1. Having worked in law for most of my career, I would never consider an elder law attorney for a medical malpractice issue. This is a specialized area, and there are plaintiff med mal as well as defense med mal attorneys. The former concentrate on a variety of med mal issues, including but not limited to wrongful death. The defense attorneys represent hospitals, doctors and other medical providers.
2. Med mal plaintiffs' attorneys are business people as much as they are attorneys. Age of the individual harmed is definitely a factor. If a case were to be won, actuarial tables come into play in computing injury. E.g., a wrongful death jury award for a younger person would produce a reward that's significantly higher than one for an older person. The issue of longevity is obviously a factor here.
So attorneys aren't going to get as much of a fee from an award for an elder person's death.
3. Other factors complicate an older person's wrongful death as well. There could be co-morbidity factors, so the issue of establishing wrongful death is not as clear cut as, say, for someone killed in a car accident, or, say, a younger person with no cardiac problems who dies suddenly of cardiac issues.
4. Med mal attorneys in my experience always find a practicing doctor in the relevant field to support the conclusion of wrongful death, or malpractice. A good attorney (and sometimes this is mandated by state statute) needs to have corroborating opinions from doctors who will testify if the case goes to trial.
5. Long story made short, some attorneys don't want to bother with med mal cases for older people, or even younger people, if the rewards aren't there, if malpractice can't be supported by medical witnesses/testimony, or if the damage/injuries don't preclude the individual harmed from continuing to lead a "normal" life.
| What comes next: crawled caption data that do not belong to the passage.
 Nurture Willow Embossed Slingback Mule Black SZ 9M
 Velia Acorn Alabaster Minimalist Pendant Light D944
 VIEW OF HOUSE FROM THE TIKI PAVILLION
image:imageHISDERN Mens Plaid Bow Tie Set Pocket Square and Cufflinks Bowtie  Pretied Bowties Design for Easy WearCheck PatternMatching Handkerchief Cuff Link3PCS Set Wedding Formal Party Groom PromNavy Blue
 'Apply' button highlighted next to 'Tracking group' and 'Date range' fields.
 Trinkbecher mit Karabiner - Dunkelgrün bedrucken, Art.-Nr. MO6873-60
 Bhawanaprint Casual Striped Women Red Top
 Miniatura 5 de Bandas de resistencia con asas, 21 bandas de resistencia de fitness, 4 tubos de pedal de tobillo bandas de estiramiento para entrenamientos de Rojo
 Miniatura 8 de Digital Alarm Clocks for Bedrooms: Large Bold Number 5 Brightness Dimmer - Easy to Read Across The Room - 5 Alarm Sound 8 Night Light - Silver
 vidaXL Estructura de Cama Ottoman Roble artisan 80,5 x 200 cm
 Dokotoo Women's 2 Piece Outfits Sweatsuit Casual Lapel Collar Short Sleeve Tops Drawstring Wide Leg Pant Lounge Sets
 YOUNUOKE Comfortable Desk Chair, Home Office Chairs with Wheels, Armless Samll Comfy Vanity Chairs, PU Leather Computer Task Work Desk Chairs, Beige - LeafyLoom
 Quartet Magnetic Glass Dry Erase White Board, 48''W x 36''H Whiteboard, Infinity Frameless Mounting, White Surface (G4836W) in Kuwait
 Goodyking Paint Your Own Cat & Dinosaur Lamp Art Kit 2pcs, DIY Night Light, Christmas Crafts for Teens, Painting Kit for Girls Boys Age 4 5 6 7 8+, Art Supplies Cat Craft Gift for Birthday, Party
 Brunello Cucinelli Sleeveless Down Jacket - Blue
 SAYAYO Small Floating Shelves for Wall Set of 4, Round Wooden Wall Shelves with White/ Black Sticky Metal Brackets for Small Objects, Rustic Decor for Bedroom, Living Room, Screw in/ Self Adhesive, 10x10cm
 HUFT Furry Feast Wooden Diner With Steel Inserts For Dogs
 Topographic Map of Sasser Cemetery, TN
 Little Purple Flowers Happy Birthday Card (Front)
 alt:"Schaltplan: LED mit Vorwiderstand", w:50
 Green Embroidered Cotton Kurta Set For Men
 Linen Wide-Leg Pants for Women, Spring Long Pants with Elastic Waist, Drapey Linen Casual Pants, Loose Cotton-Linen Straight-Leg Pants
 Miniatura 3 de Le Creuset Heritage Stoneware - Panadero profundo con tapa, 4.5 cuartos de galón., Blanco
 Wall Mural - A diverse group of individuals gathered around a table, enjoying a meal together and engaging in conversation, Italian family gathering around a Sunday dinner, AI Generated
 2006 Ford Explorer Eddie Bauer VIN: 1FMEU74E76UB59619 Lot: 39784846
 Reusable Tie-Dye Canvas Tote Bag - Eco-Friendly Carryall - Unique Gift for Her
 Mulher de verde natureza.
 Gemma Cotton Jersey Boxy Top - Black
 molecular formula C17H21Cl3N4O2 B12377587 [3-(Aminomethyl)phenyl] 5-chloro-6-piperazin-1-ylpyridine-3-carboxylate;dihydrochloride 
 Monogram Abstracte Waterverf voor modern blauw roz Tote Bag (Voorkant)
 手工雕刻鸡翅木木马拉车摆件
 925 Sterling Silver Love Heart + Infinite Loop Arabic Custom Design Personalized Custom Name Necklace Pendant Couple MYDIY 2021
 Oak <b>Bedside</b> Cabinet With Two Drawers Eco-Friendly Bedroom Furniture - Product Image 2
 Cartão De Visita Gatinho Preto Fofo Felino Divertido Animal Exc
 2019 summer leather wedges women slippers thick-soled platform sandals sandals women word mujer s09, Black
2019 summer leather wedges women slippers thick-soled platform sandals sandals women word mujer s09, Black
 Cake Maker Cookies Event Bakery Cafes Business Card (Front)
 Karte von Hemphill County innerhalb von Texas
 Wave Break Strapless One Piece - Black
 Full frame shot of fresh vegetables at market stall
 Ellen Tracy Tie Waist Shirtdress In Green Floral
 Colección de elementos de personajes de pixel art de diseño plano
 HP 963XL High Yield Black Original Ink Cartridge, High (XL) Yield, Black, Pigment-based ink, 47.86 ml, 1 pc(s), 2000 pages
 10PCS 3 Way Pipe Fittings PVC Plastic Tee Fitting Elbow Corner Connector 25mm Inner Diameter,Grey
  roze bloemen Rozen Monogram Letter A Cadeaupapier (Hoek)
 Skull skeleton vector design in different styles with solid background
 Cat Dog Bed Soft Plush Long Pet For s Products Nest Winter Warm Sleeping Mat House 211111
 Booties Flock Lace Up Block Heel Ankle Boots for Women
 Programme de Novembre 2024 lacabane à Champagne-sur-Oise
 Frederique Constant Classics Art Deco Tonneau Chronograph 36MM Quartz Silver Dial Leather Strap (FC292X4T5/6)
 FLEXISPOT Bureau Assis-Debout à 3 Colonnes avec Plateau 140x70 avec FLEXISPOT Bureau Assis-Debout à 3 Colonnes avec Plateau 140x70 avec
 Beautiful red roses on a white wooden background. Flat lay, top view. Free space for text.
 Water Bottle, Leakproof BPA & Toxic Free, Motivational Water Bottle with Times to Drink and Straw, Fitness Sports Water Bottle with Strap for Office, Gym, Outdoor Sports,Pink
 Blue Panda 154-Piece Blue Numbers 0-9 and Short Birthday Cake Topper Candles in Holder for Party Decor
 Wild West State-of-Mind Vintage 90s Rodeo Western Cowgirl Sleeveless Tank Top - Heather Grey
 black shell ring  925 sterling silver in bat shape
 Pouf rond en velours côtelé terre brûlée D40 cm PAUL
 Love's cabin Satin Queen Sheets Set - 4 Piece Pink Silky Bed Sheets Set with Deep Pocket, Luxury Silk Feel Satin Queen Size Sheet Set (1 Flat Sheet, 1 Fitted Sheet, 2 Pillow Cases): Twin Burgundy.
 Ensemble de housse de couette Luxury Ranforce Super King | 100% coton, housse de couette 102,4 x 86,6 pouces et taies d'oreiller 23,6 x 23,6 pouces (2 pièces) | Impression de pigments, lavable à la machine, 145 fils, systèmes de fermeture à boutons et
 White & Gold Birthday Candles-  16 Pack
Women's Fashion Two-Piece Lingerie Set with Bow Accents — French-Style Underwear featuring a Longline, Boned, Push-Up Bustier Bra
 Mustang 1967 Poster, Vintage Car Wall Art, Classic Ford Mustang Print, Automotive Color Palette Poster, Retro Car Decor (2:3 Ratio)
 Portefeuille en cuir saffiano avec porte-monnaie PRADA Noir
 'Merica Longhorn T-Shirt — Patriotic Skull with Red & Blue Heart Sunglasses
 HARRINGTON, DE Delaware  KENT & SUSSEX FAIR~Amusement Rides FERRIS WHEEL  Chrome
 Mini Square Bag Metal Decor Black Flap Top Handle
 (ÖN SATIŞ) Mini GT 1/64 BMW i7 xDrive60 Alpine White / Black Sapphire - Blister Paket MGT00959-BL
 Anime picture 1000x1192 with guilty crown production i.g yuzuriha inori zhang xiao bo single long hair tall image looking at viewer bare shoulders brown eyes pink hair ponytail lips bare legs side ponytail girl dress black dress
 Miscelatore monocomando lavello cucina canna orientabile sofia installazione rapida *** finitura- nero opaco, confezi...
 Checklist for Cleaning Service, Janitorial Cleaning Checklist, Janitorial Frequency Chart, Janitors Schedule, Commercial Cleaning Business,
An example is someone I knew whose lung was erroneously removed due to misdiagnosis. The doctor misread and misdiagnosed her lung condition as being cancerous.
It was discovered after this woman's lung was removed that the lung was not cancerous, but despite what we thought was an excellent case was rejected by the law firms I knew who were top med mal attorneys. The issue: the woman could still survive on one lung.
To me, that's a travesty and callous conclusion, but it reflects the monetary approach of med mal law in some firms.
As to other possible causes of action:
A. Refusal to provide documents while insisting on a signature is a contractual issue. People have the right to read, question, and understand what they're signing as well as have a copy for their records.
There's also no justification, or validity in asking your brother who apparently had no POA authority to sign the contract in lieu of year. If he did sign w/o authority, I doubt his signature would be valid.
B. A possible issue on this also would be denial of informed consent. If you're precluded from reading something, the issue arises whether or not you had the opportunity to be "informed". Whether or not the contract could be considered invalid is not something on which I can offer an opinion, but it would be something to consider if you do find an attorney who will consider your situation.
More detail is appropriate on this issue. It seems something is missing - why would your brother have been asked to sign if he wasn't even in the area or wasn't a proxy under a POA or DPOA?
Who eventually signed the contract? Did you ever get a copy?
3. I honestly don't know what practice area would encompass libel, slander and/or character defamation. It would be a litigation area, but beyond that I have no experience in this area and couldn't offer a reliable opinion.
4. Lastly, you'll probably have to go to the largest city in your area for find an attorney to pursue the med mal case, and to advise whether it's a case worth pursuit. There are more attorneys in large cities than in rural areas.